In places I travel, sometimes my State Department ID is not enough. That’s when I pull out the ol’ Texas driver’s license. I kid you not. I have found that little card from Texas has more sway than a diplomatic badge with my picture on it, and the words U.S. Department of State.
A few months ago, I had to go to one of the Turkish military compounds to help with a situation. I gave the guard the usual State Dept. ID and he looked at it and said, “I need more.” So, I gave him my “Sam Houston” card, and he exclaimed, “Ah, Texas!” I replied, “Yes, sir. Best country in the World.”
Believe it or not, that scenario has played out several times since being in Turkey.
Once I had to make an emergency flight to Adana and when I got to the airport, I realized to my horror, I did not have my passport or Turkish ID card. I called back to the Embassy and was told to try using my State Dept. ID. So, I did and it wasn’t enough. I pulled out the driver’s license and she said, “Yes, yes. This will work.” So I was able to make a round trip flight and check into my hotel in a foreign country with only my Texas driver’s license. Amazing, even to me.
When I first arrived here, all three of us in the office hailed from Texas. So the walls are adorned with the Texas flag, and four clocks: Turkey time, Greenwich Mean Time and two showing the time in Texas. What else is needed?
Back in December, our Texas born Seabee returned to the States and his replacement is from California, or Florida or someplace bizarre.
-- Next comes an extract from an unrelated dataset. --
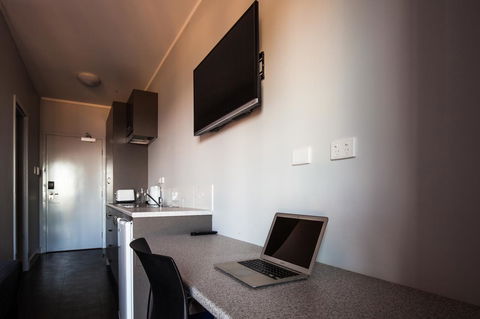 Beadon Bay Hotel - Accommodation Perth 8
So, he felt a bit slighted the office was a shrine to the Great State of Texas, and proceeded to let his opinions be known.
He took a Texas clock and placed a sticker on it insinuating the clock was showing Florida time instead. A few weeks later, I replaced the clock with a Texas clock that could not be altered. So far, it has remained. Rightfully so.
The Marines at the Embassy have their own house, which understandably has a bar. So, I purchased a Texas flag to hang where all could see and enjoy it. As a gratuity for my actions, the Detachment Commander, “an American by birth and Texan by the grace of God”, purchased a special Texas glass for me to use when I am in their bar. All Marines are told, that particular glass is for Mister Nolte and no one else is to use it. It pays to be a Texan in so many ways.
While I was gone from the office one day, our little cleaning girl, Nadia, came in and cleaned. Over by my cigar humidor, I have a bumper sticker my boss gave me which says, “… you may all go to hell and I will go to Texas”. This is a quote from the Texas Hero, Col. David Crockett.
Someone told her what it said and she found it to be a beautifully profound statement. I don’t really think she understood it, but it did have the words Hell and Texas in it, so she found it profound. I know in some places in the State, the difference between Hell and Texas are not well defined.
Now, every time I see her in the hallway, she has this enormous smile she gives me. The next time I am in the office when she shows up, I’ll give her the bumper sticker to enlighten her life. She will probably name her firstborn after me.
Instead, I will tell her to name the little one, Samuel Houston or Stephen Fuller Austin! Give the credit where it is due.